Ok, to maintain economic growth with decelerating household and population growth, increasing quantities of deficit spending have been undertaken.  The yellow line in the chart below represents the annual deficit spending as a % of GDP (on a YoY quarterly basis) peaking at nearly 14% in the most recent crisis.  Equally as noteworthy is the relative dearth of deficit spending currently at "only" 3% of GDP.  Also included is the deficit in dollars (black line), the total US gross federal debt (red columns), and the blue line is debt to GDP.  So, short term growth is dependent on ramping federal deficit spending...but this would result in a blow-out for the mid and long term health of the nation with ballooning debt to GDP levels.

But the chart below shows that the year over year change in housing starts (1-unit) has been a very reliable precursor for subsequent change in full time employment.

Housing starts are driven by the combination of deficit spending and direction of interest rates.  In the chart below, when the red line (deficit spending as a % of GDP) is rising and the black line (interest rates) is declining; housing starts boom.  When deficits are decelerating and rates rising; housing starts go bust.  Currently, we are decidedly entering bust mode.

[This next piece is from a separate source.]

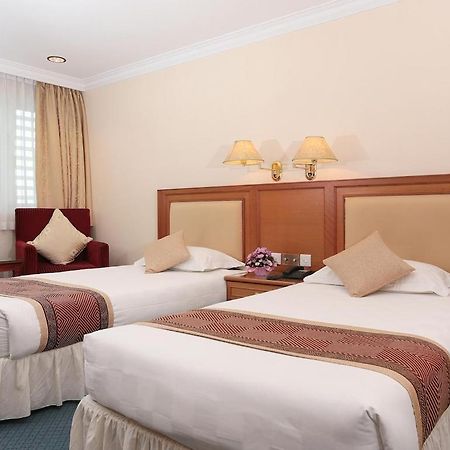 Hotel Sentosa Kuala Belait Exteriör bild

*Deficits represent annual growth in federal debt (as per Treasury), not the CBO or Whitehouse stated deficit.
But the stock market is at record what gives?  The chart below shows the Wilshire 5000 (representing all US equities actively traded) versus US total disposable personal income (the sum of all sources of income after taxation).  Never has the equity market been more detached from the nations total income... particularly with the savings rate at all time lows.

And how did we get here...interest rate cuts, deficit spending, rising debt to GDP...but there is more.  Monetization.  The yellow line in the chart below is the quantity of digitally conjured "money" that directly entered the "economy".  All $1.6 trillion subsequently leveraged anywhere from 2x's to 10x's...resulting in somewhere between $3.2 to $16 trillion in new "money" chasing the remaining assets.

The chart below shows the Federal Reserves plan (HERE) to unwind QE and assumes banks maintain their current reserves held at the Fed.  However, if the banks determine to increase reserves as the Fed raises rates, the impact on monetization could be far more dramatic, significantly further declining the outstanding quantity of "monetization".

The impact of rising interest rates, decelerating deficits as a % of GDP, and unwinding of QE resulting in the removal of much (or all?) of the outstanding monetization (yellow line)...and best guess is the stock market is heading down over 50%.

So, where is this going???  Best guess in the chart below, putting the next leg down in perspective.

Of course, this will be followed (or pre-empted?) by NIRP enabling the greatest debt creation and monetization in the nations history that will send debt to GDP to Japanese levels.  America is already beyond ever effectively repaying its debt and is just realizing the magnitude of attempting to service the rising interest payments on the massive debt stock.  A further jump in debt threatens what remains of the dollars place as global reserve currency.   Whether the weakened system and currency can absorb another bust and subsequent centrally directed boom is a very good question likely to be tested relatively soon.